SAVING ENERGY & LOWERING YOUR POWER BILL
Having a well humidified home is a wonderful feeling in the dead of winter when everything is cold and the air is dry. There is a lot of discomfort associated with dry air that can be avoided by simply setting up a humidifying system in your home.
Despite the fact that humidifiers run off electrical power, they can actually be responsible for helping you to lower your energy usage during the winter. Whole house humidifiers are especially effective and can assist you in lowering your power bills by as much as 5% a year!
There are two main types of humidifiers: single room units and whole house humidifiers.

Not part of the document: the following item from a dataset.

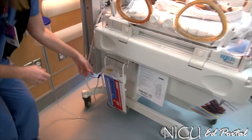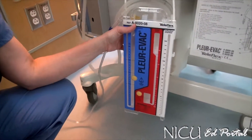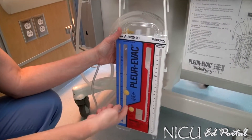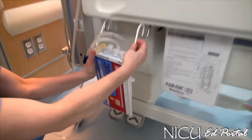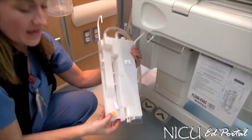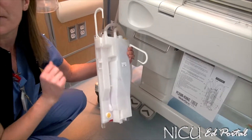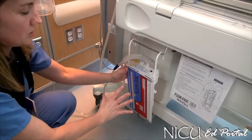In this system, due to evaporation — if the baby has this unit on for a few days — you can actually either inject more water or pull some off if you happen to put too much in. You also have a place in the back where you can draw labs. If you're draining and need to send something off to the lab, you can pull the fluid from there.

Many people use a single room humidifier while they sleep to help ease the discomfort of dry air. However, if you want to get the most benefit from a humidifying system including the full energy savings, for example, you want to work all day in your garage in winter because you have installed an electric garage heater, then you should invest in a system that will humidify your entire home.

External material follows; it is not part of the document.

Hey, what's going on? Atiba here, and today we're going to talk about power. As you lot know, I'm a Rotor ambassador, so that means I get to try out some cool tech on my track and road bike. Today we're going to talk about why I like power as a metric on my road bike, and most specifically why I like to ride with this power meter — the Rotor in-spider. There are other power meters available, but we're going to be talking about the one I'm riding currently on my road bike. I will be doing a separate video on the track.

A whole house humidifier usually connects directly to your ventilation system and your furnace. When the furnace turns on so does the humidifier. As hot air blows past the humidifier system, whichever type of system you choose to get, the air will pick up the moisture and blow out humid air rather than dry air.

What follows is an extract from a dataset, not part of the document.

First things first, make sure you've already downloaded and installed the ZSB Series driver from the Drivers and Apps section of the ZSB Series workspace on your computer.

WHY WHOLE HOUSE HUMIDIFIERS SAVE ENERGY
So, how does humid air help to save you money on your energy bill? Here are a few reasons why:
They only operate when the furnace is running
Rather than running continuously, these systems turn on and off when the furnace does making their time very efficient and well-planned. You won’t be paying for too much as you don’t have to keep the system running 24/7 in order to keep your air pleasantly humid.
Control of the unit is automatic and based on a humidistat
Most units are attached to a humidistat and programmed to operate around the readings given by the device. If your home is humid enough already, your humidifier will not turn on. If it needs humidity, the unit will turn on and function normally. Not only does this prevent you from having to run the unit all the time, it also helps to keep your relative humidity levels in the right range to avoid mold while helping you stay comfortable.
Your home feels warmer when the air is humid
Humid air feels warmer than dry air. By adjusting the humidity levels up you may be able to turn your furnace down by a few degrees or more. A reduced energy bill from lower heat levels makes a gigantic impact on your annual power bill. The best part is that you won’t even notice the difference in heat levels and may even feel more comfortable than you did before!
It’s estimated that by increasing your relative humidity by 30% – a fairly normal amount during the winter, as the air is far too dry for comfort – you will feel as many as 3 degrees warmer at the same temperature. That means if you set your thermostat to 70, you may be able to lower it to 67 without being noticeably colder.